[EXERCISE DESCRIPTION] Quote all lines below exactly. Images stay out.

== Segment start ==

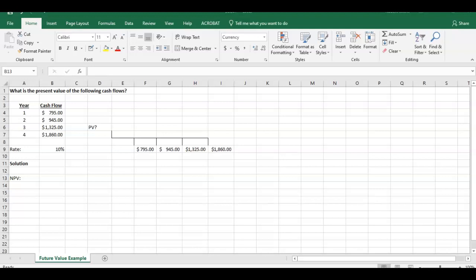Hello everybody, welcome. I'm going to walk you through another example of present value of cash flows. This one's going to be a little bit more complicated than the simple one we did earlier with one cash flow in one year.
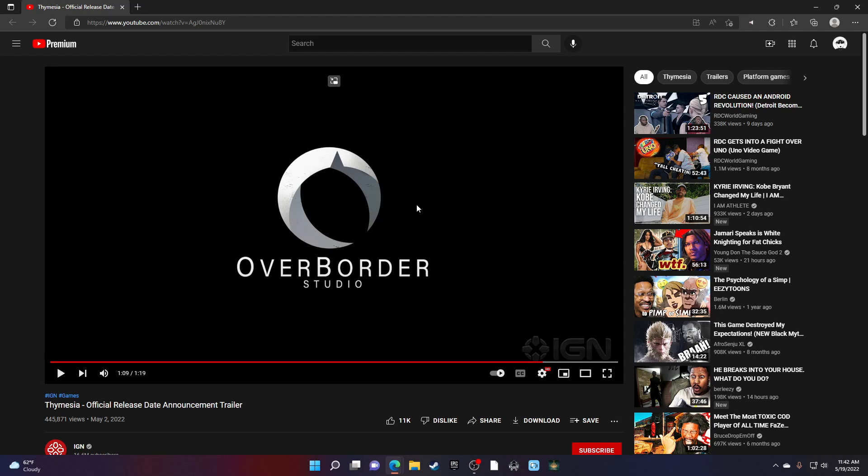I think this game will probably be one of my first gameplays I do on this channel. No, it won't. I'm planning on doing some more games. But this will be my first Souls-like game on this channel, you feel me?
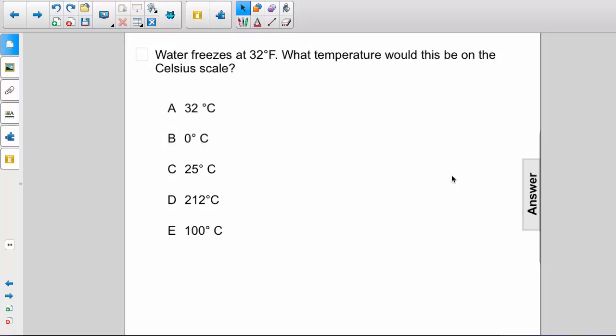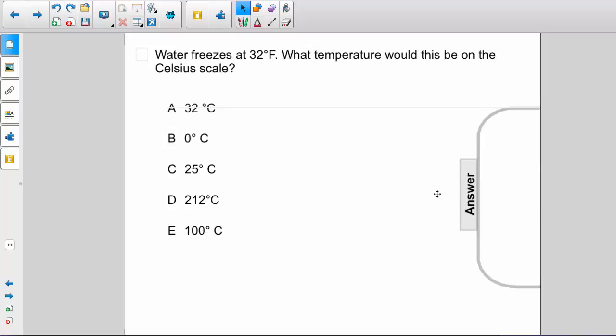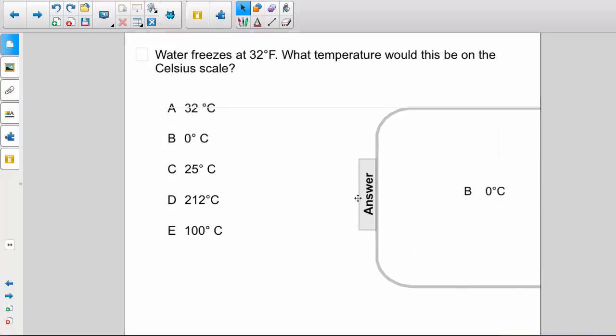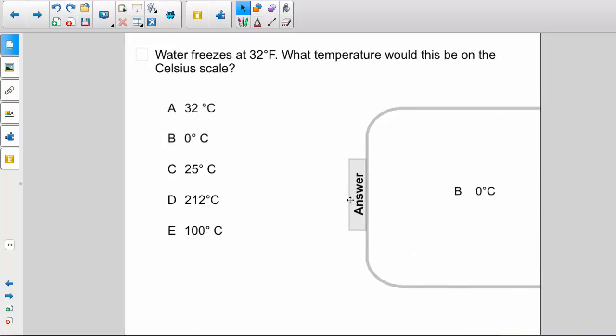The answer is B, 0 degrees Celsius. The Celsius scale is defined by the freezing point of water being zero and its boiling point being 100 at sea level.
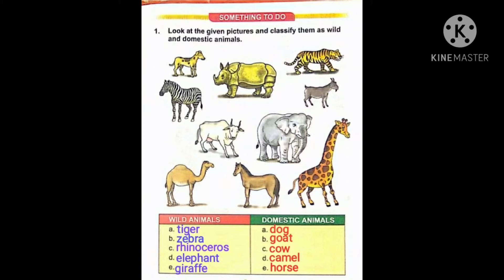I have already written the names. Aap picture se dekh sakte hain — wild animals aur domestic animals ka naam likh diya hai. So let us read them one by one. Wild animals in mein se kaunse hain? Tiger, zebra, rhinoceros, elephant and giraffe.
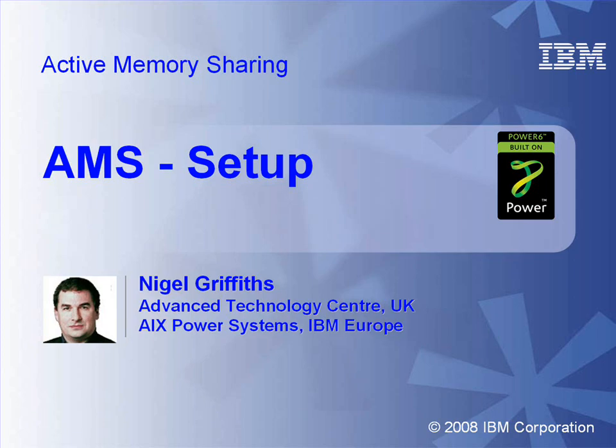That finishes our movie on active memory sharing and how to set it up. It's actually a lot quicker than we've done in this movie once you know the details. I hope that's been useful. Don't forget to check out the other AMS movies.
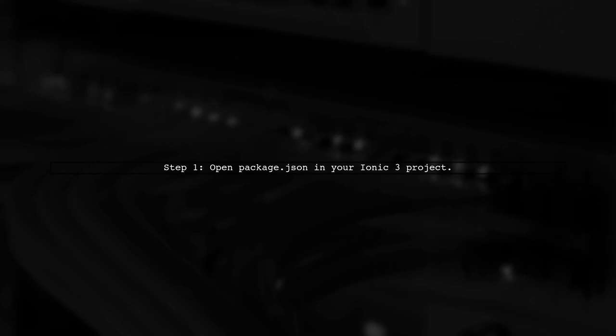If you're having trouble running your Ionic one app after updating to Ionic 3, here's a solution. First, navigate to your new Ionic 3 project and open the package.json file.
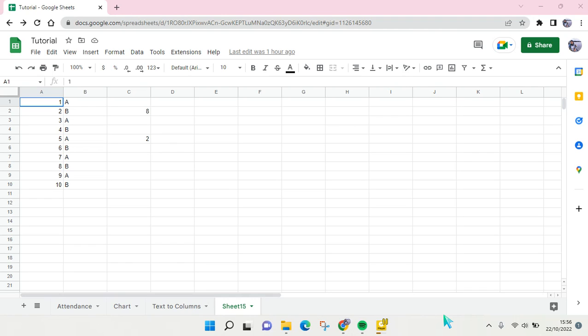Hi everyone, welcome back to this channel. On today's tutorial, I'm going to show you how to use Google Sheets for multiple users. So here I have opened my Google Sheets file, and if you guys want to make a Google Sheet file for multiple users, it's actually so easy.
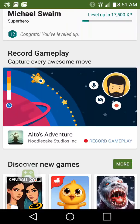Right now we have Alto's Adventure — the 2D snowboarding/skiing endless runner game — running in the background. I'll hit my home button to show you. As soon as you hit 'Record Gameplay,' it'll launch a window with recording options.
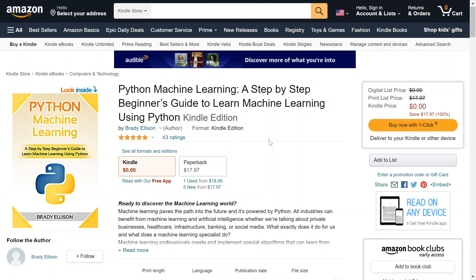So what is this Kindle ebook that is free right now? Well, it is this Python Machine Learning: A Step-by-Step Beginner's Guide to Learn Machine Learning Using Python. If you don't know what Python is, it's just a scripting language, a programming language. This ebook is 100% off, originally priced at 18 bucks. You can get the paperback still for 18 bucks, but the Kindle version you can read on the app is entirely free.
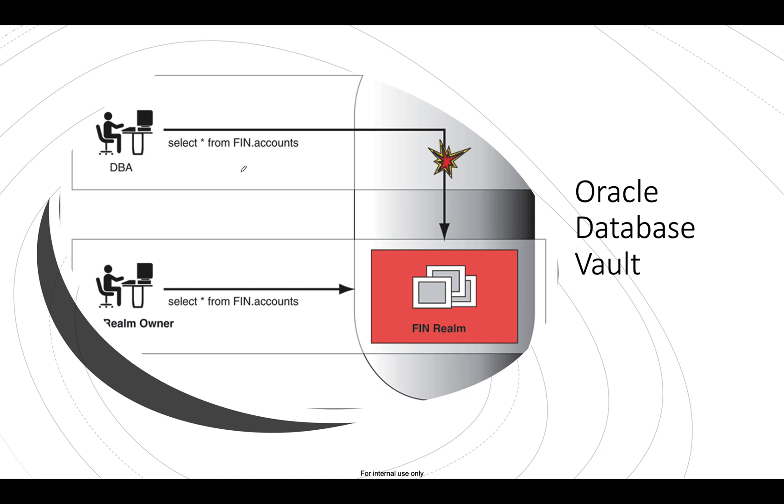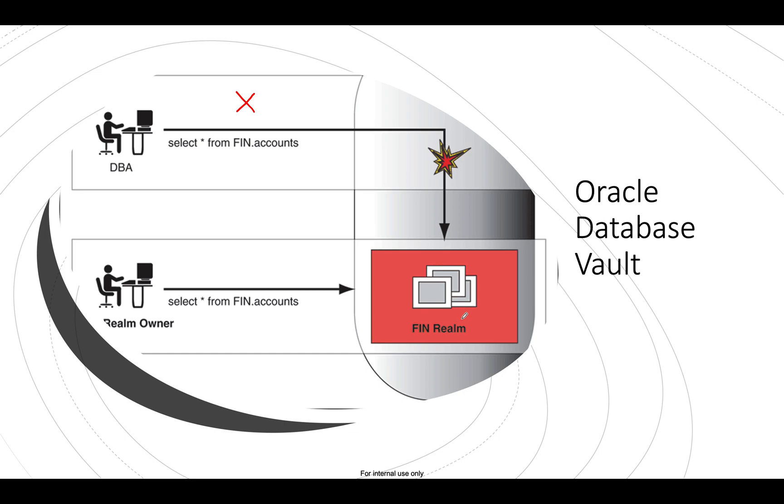But with Database Vault, we are actually creating another layer of security. So even your privileged user like a DBA is not able to access the data. So if you see here, if you try select star from fin.accounts, this won't be allowed and this would be created as an unauthorized access. On the other hand, let's say your fin is your schema and you have the schema owner. You would certainly want that your schema owner should have access to this and we are allowing that only.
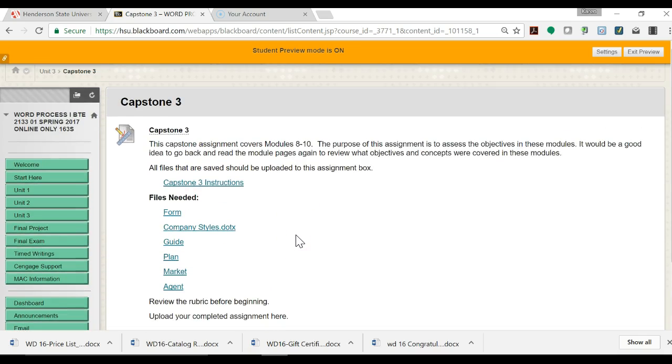Again, very important that you get started early this week so that you have time to ask questions before next Sunday when it is due.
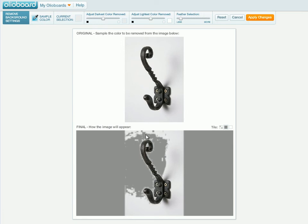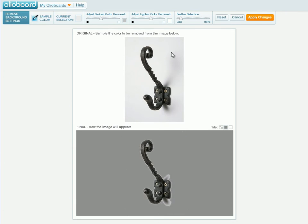We've got part of this background removed, but we want to clean it up a little bit more. So let's go up to the toolbar and choose the sample color option. If I want to remove this grey background I have to click on a part of that grey background in the top image. By clicking there, I've now removed basically the entire grey background that was interfering with this product.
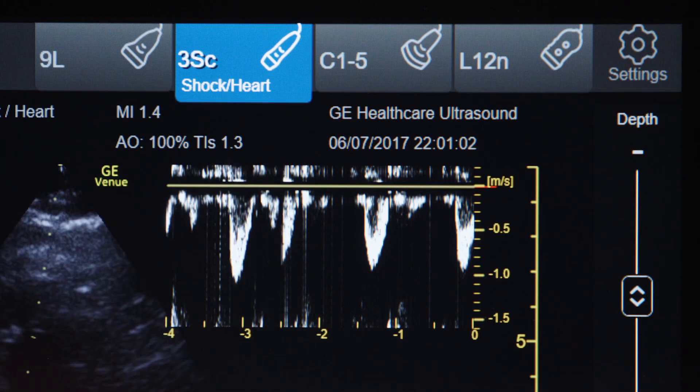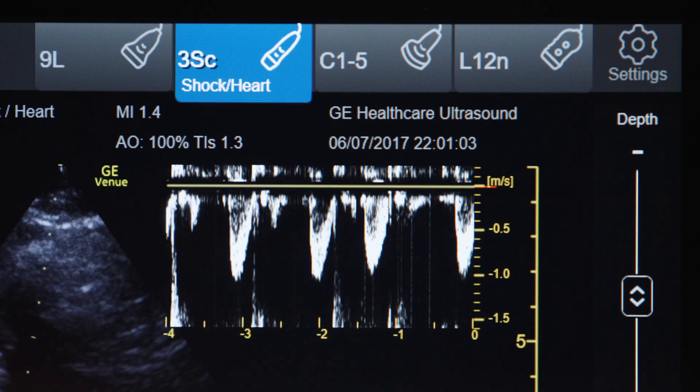One ability of the Auto VTI tools is to see where the patient sits before you make an intervention, make that intervention, and then determine where they are after having made that intervention.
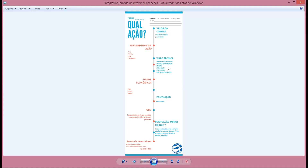É importante você sempre saber quanto você está disposto a ganhar e quanto está disposto a perder. Se você colocou uma perda máxima de 5%, é um ponto positivo. Se você colocou um ganho de pelo menos 5 vezes a sua perda — ou seja, querendo perder 5%, você tem que ganhar pelo menos 25% — é mais um ponto. E se essa relação risco-retorno estiver certa, pelo menos 1 para 5, é mais um ponto.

== Segment end ==

[ANSWER BOX]
Hello everybody, welcome. I'm going to walk you through another example of present value of cash flows. This one's going to be a little bit more complicated than the simple one we did earlier with one cash flow in one year.
I think this game will probably be one of my first gameplays I do on this channel. No, it won't. I'm planning on doing some more games. But this will be my first Souls-like game on this channel, you feel me?
The answer is B, 0 degrees Celsius. The Celsius scale is defined by the freezing point of water being zero and its boiling point being 100 at sea level.
I have already written the names. Aap picture se dekh sakte hain — wild animals aur domestic animals ka naam likh diya hai. So let us read them one by one. Wild animals in mein se kaunse hain? Tiger, zebra, rhinoceros, elephant and giraffe.
That finishes our movie on active memory sharing and how to set it up. It's actually a lot quicker than we've done in this movie once you know the details. I hope that's been useful. Don't forget to check out the other AMS movies.
If you're having trouble running your Ionic one app after updating to Ionic 3, here's a solution. First, navigate to your new Ionic 3 project and open the package.json file.
Hi everyone, welcome back to this channel. On today's tutorial, I'm going to show you how to use Google Sheets for multiple users. So here I have opened my Google Sheets file, and if you guys want to make a Google Sheet file for multiple users, it's actually so easy.
Right now we have Alto's Adventure — the 2D snowboarding/skiing endless runner game — running in the background. I'll hit my home button to show you. As soon as you hit 'Record Gameplay,' it'll launch a window with recording options.
So what is this Kindle ebook that is free right now? Well, it is this Python Machine Learning: A Step-by-Step Beginner's Guide to Learn Machine Learning Using Python. If you don't know what Python is, it's just a scripting language, a programming language. This ebook is 100% off, originally priced at 18 bucks. You can get the paperback still for 18 bucks, but the Kindle version you can read on the app is entirely free.
But with Database Vault, we are actually creating another layer of security. So even your privileged user like a DBA is not able to access the data. So if you see here, if you try select star from fin.accounts, this won't be allowed and this would be created as an unauthorized access. On the other hand, let's say your fin is your schema and you have the schema owner. You would certainly want that your schema owner should have access to this and we are allowing that only.
Again, very important that you get started early this week so that you have time to ask questions before next Sunday when it is due.
We've got part of this background removed, but we want to clean it up a little bit more. So let's go up to the toolbar and choose the sample color option. If I want to remove this grey background I have to click on a part of that grey background in the top image. By clicking there, I've now removed basically the entire grey background that was interfering with this product.
One ability of the Auto VTI tools is to see where the patient sits before you make an intervention, make that intervention, and then determine where they are after having made that intervention.
É importante você sempre saber quanto você está disposto a ganhar e quanto está disposto a perder. Se você colocou uma perda máxima de 5%, é um ponto positivo. Se você colocou um ganho de pelo menos 5 vezes a sua perda — ou seja, querendo perder 5%, você tem que ganhar pelo menos 25% — é mais um ponto. E se essa relação risco-retorno estiver certa, pelo menos 1 para 5, é mais um ponto.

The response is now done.